[MATERIALS PROVIDED]
——————

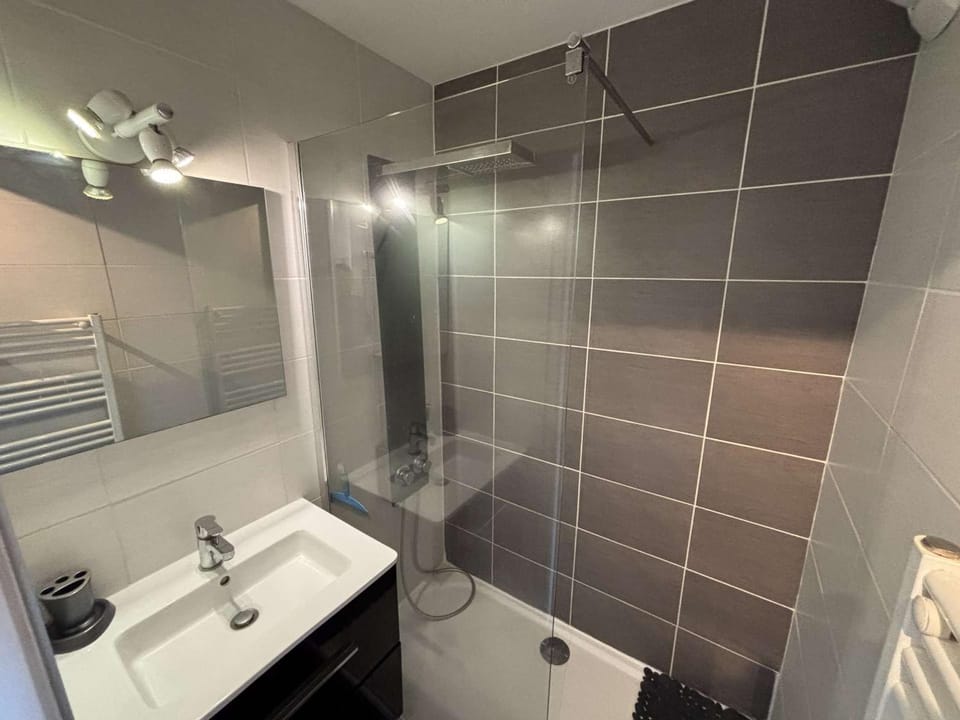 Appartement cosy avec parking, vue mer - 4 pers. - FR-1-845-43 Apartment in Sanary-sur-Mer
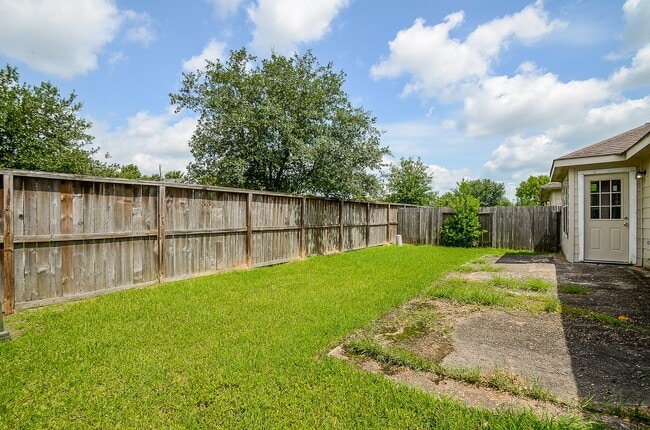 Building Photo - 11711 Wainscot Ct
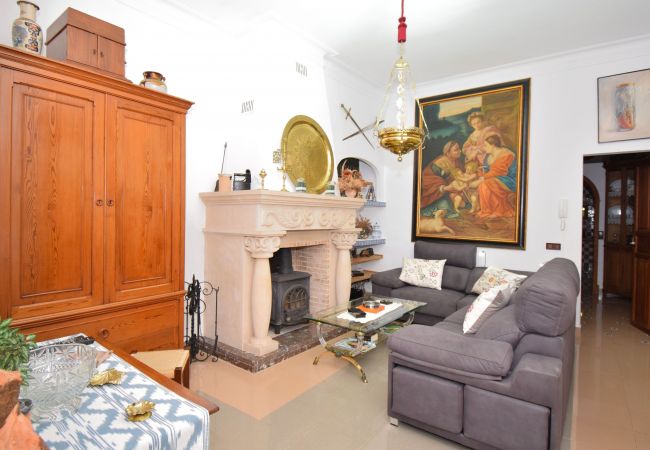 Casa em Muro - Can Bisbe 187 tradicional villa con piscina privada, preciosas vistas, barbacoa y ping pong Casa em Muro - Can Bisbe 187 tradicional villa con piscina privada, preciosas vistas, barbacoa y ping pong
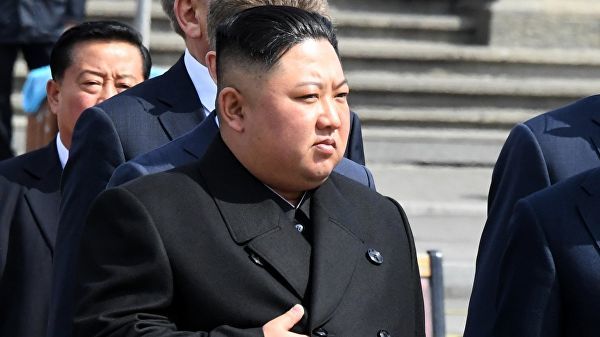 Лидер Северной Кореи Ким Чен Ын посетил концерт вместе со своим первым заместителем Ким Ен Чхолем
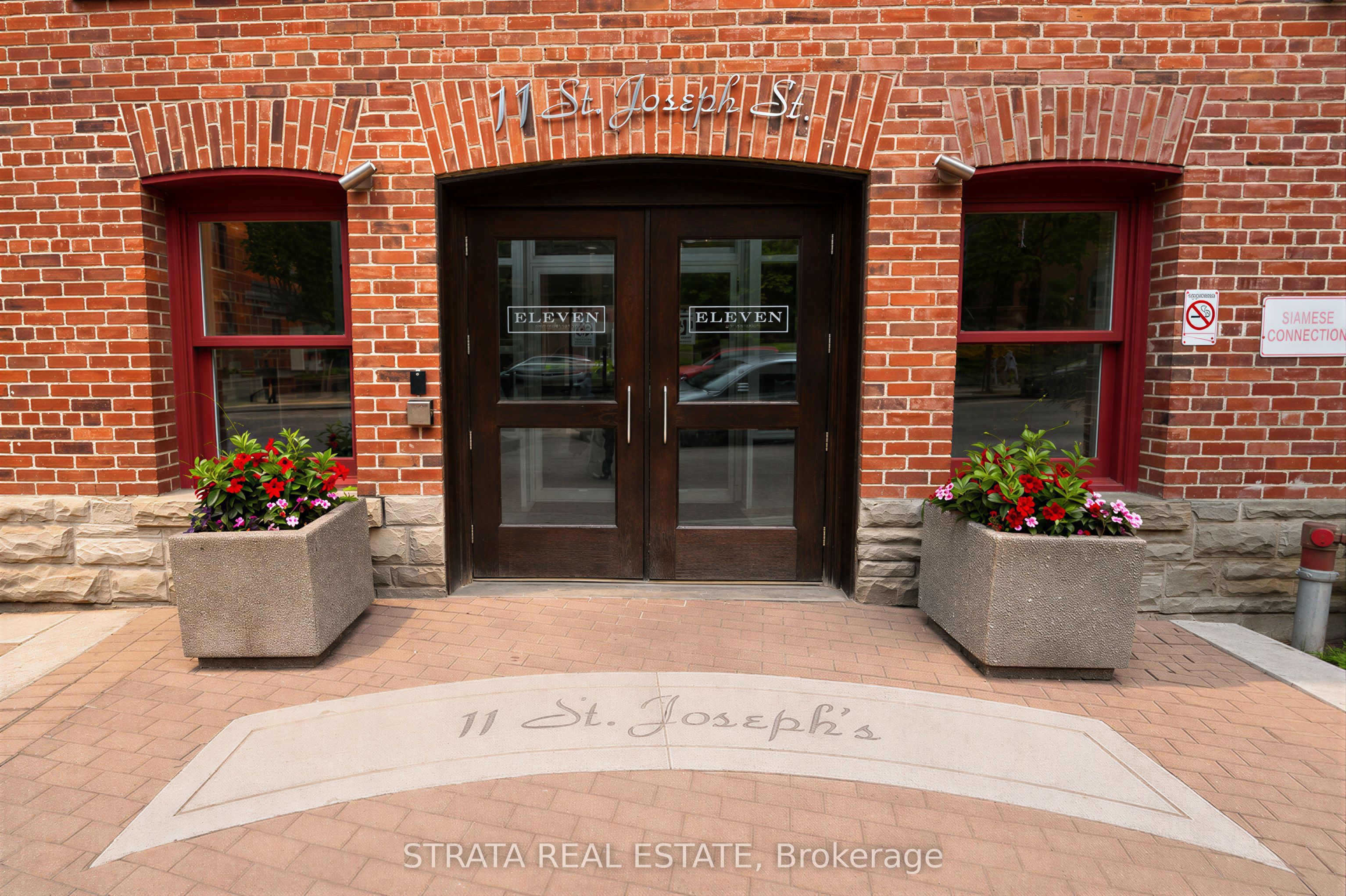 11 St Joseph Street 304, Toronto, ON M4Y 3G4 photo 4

——————

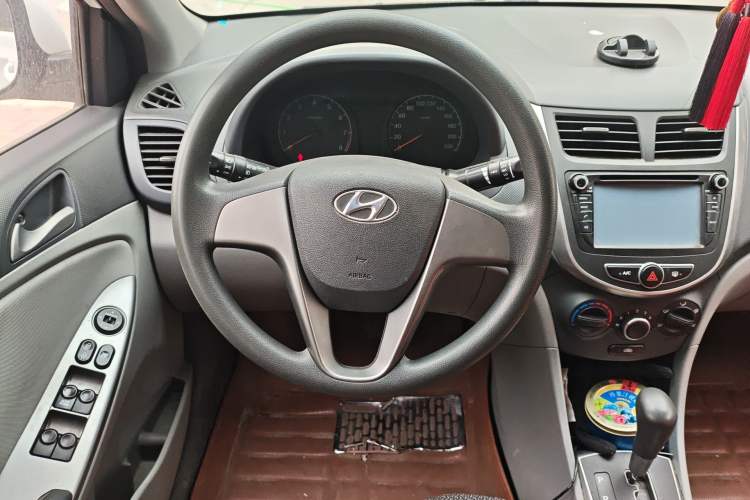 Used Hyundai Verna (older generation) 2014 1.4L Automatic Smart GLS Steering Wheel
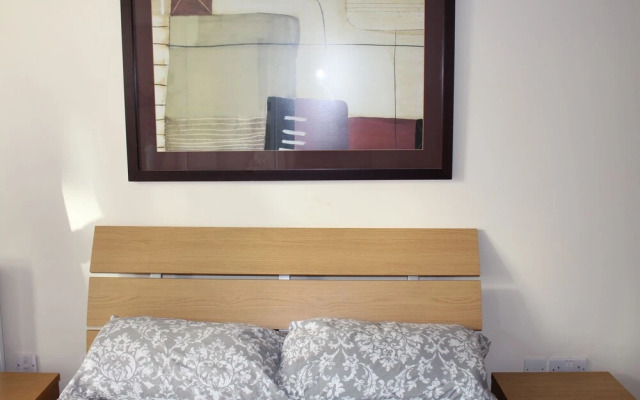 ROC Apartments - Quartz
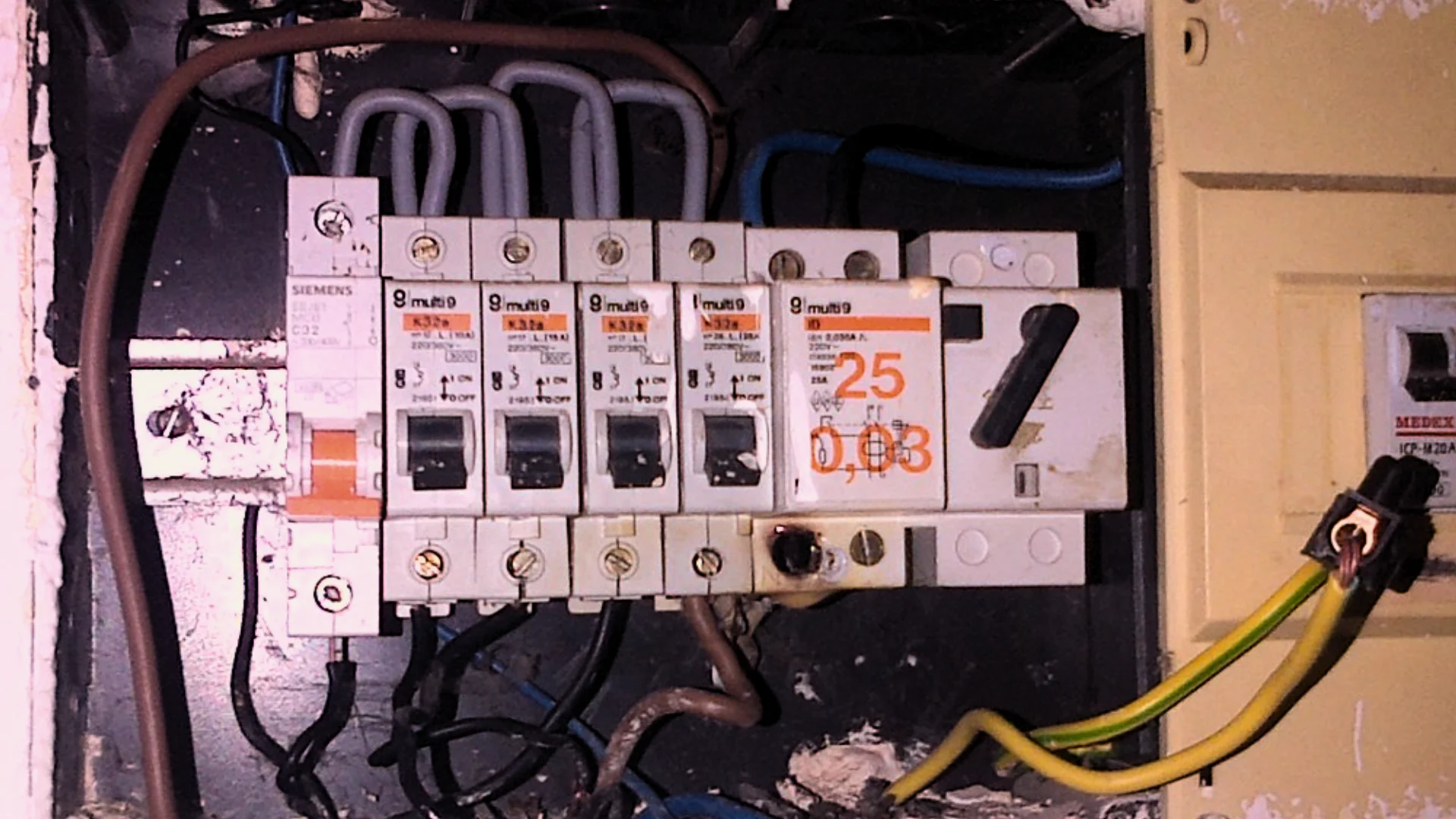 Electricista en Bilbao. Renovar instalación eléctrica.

——————

Taking the entries above, copy word for word the lines from the one with "ping pong Casa" up to and including the one with "11 St Joseph", without any picture.

 Casa em Muro - Can Bisbe 187 tradicional villa con piscina privada, preciosas vistas, barbacoa y ping pong Casa em Muro - Can Bisbe 187 tradicional villa con piscina privada, preciosas vistas, barbacoa y ping pong
 Лидер Северной Кореи Ким Чен Ын посетил концерт вместе со своим первым заместителем Ким Ен Чхолем
 11 St Joseph Street 304, Toronto, ON M4Y 3G4 photo 4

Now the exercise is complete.